- REQUIRED WORK: Which lines below contain the word "Jacket"? Copy each of them.

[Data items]
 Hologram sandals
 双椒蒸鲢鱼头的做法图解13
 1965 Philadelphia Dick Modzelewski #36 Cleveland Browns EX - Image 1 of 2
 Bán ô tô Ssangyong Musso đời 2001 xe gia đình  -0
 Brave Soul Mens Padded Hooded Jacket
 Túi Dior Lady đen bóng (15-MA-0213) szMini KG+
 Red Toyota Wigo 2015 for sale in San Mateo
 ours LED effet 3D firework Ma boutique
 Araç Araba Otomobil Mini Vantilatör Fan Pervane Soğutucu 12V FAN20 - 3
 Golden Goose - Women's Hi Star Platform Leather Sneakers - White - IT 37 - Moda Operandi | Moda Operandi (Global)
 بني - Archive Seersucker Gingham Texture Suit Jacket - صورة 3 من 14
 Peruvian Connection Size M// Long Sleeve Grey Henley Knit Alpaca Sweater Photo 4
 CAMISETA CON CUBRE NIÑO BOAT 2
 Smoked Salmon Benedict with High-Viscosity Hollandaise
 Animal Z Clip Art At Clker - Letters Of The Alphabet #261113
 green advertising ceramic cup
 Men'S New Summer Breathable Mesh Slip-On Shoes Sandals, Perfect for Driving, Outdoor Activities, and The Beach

- YOUR RESPONSE:
 Brave Soul Mens Padded Hooded Jacket
 بني - Archive Seersucker Gingham Texture Suit Jacket - صورة 3 من 14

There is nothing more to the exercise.